Its all coos and cuddles – wide smiles – lilt-song voices – playfulness. Parents and grandparents know it radiating a deep togetherness - and it is amazing. And it can be there, if you want it to be, whenever there is an opportunity to connect with a little one. You know, like when you're in line at the grocery store and there's a baby in the cart ahead who catches your eye - you smile, the baby smiles (hopefully!) its one of those priceless gifts of being alive.

But then, inevitably comes the speaking. Obviously, good I know – but not all of it. The wants and needs get more complicated when they get more explicit, don’t they? There are all those “why” questions – the ones we don’t have the time or maybe the answers for.

"Mom, If Santa goes to everyone’s house – why is their Christmas Café for us to donate toys at our church?"

"Dad, why do you tell nana you have to get off the phone, when you don’t?"

When children start speaking sometimes they call us out – they call out disparity – they point out that what we say, doesn’t always match what we do. Babies, become children, become their own individual unique person. Independent of what we might want, or hope or expect of them. Children, teens, young adults - they do not always live into the person we want them to be - and parents don't always meet our expectations either. It’s a challenge that ebbs and flows in our relationships with our kids – and our relationships with our parents – our whole lives long. And, it plays out in all our relationships - we all have expectations of other people, especially those we love, or who we believe (should) love us.

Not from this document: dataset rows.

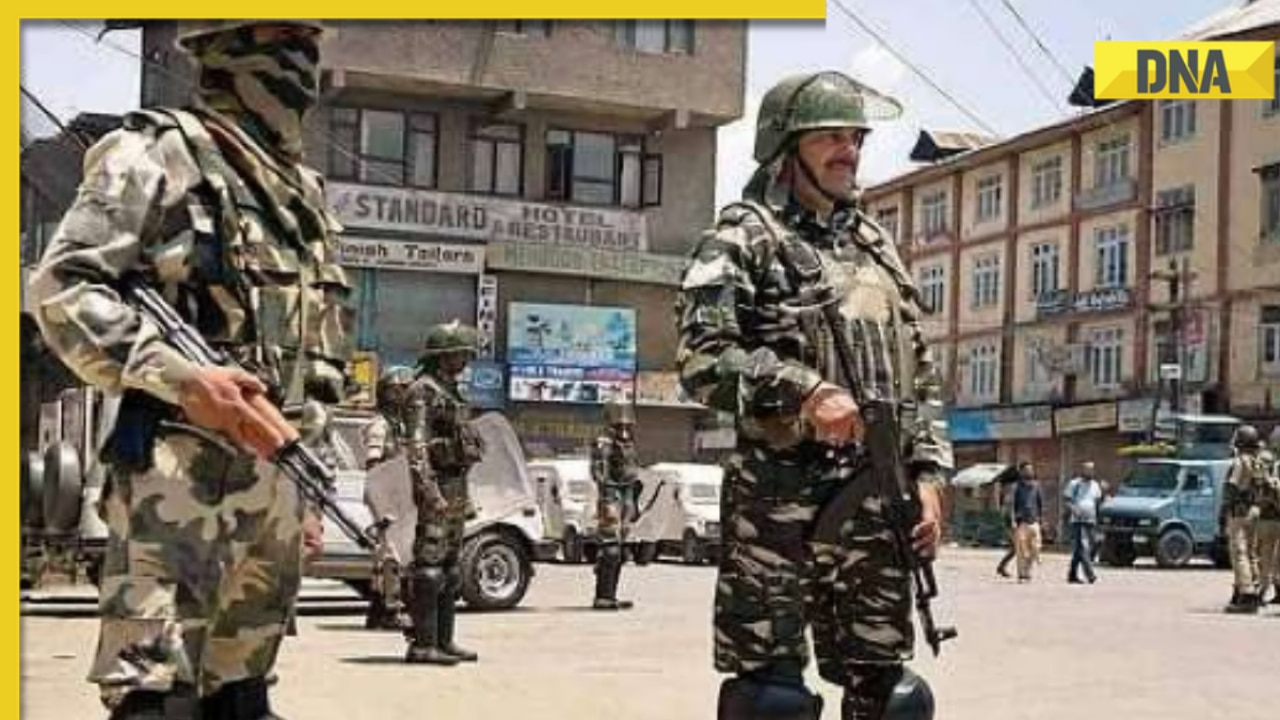 4 Army jawans die in firing at Bathinda military station, Punjab Police call it 'fratricidal'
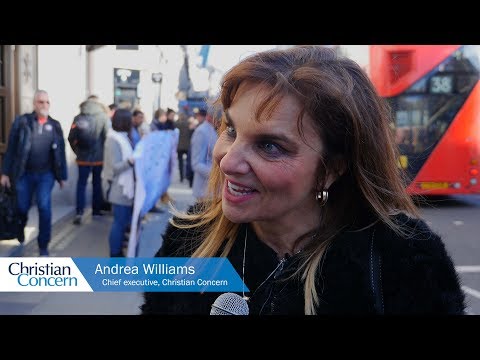 Andrea Williams explains the story of ex-gay Matthew Grech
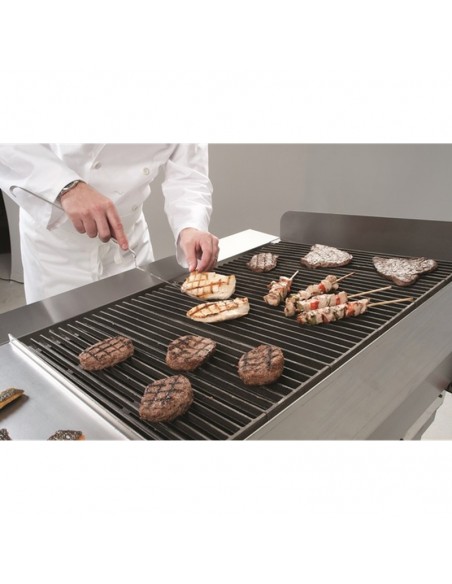 Hobart Bonnet Charbroiler Gas Chargrill 1200mm Wide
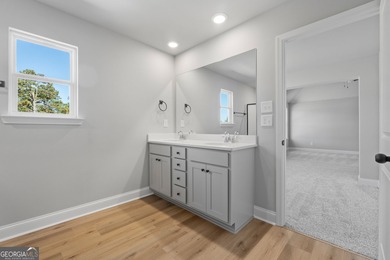 New Construction on the Golf Course at Cabin Creek Estates! on Cabin Creek Golf Club in Georgia - for sale on GolfHomes.com, golf home, golf lot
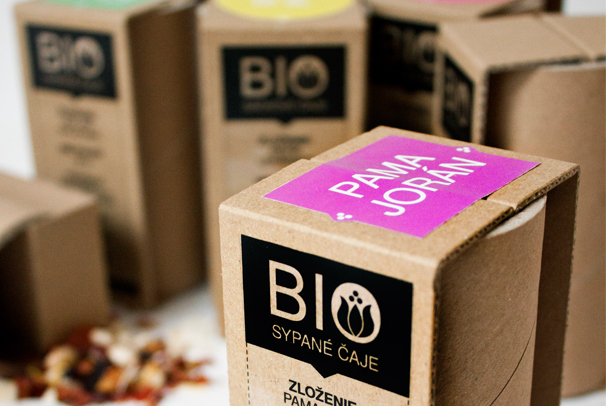 Ekologický obal na BIO čaj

And sometimes, we get so mad about it about our dashed expectations, well I'll speak for myself, that we just might want to hurl the person off a cliff! That’s what happened that morning in Nazareth. The good people that had come together that morning would expect that when one of their own comes home, to speak in love, he would have nice things to say. And his speech would lead to the miracles and healings like the people got in Capernaum.

But he doesn’t conform to their expectations. He challenges them.

He tells them God’s word is fulfilled – good news, forgiveness and release – and then reminds them of a time when God’s word was fulfilled with Elijah and Elisha. And people were fed and people were healed, but it wasn’t the faithful people, it wasn’t the people they expected – it was the people outside the family – the people outside the tribe. God's family will defy societal, religious expectations.

So I think on this day – on the one hand there is a message here for us that is pretty standard – prophets really aren’t appreciated in their hometown, or in their own time. It isn’t breaking down our boundaries, walls and tribes. And when someone points out that disparity it is hard to hear. Outreach helps us with that. Community helps with that. Listening helps with out. Getting out of our neighborhoods helps with that.

But another personal message, has to do with examining our expectations. Where are they coming from? What are they based on? Jeremiah is afraid he can’t live into God’s expectations – his expectations – probably his parents’ expectations – of what a prophet is supposed to be. What calls of God are we avoiding, or not answering because they don't conform to our expectations, or what we think others expect of us?

Paul gives us a really good examination toolkit in 1 Cor 13 - all expectations - if they are the real and lasting kind - are grounded in love. Are your expectations born out of envy, pride, wanting to boast? When expectations aren't met are you arrogant or rude - insisting on your own way? That is not love - patient, kind, rejoicing in someone being who they really are?

Good news is always challenging news. We are encouraged and reminded this morning that God doesn't conform to our expectations of what "should" be. And examining our expectations is one part of speaking the truth in love. Amen.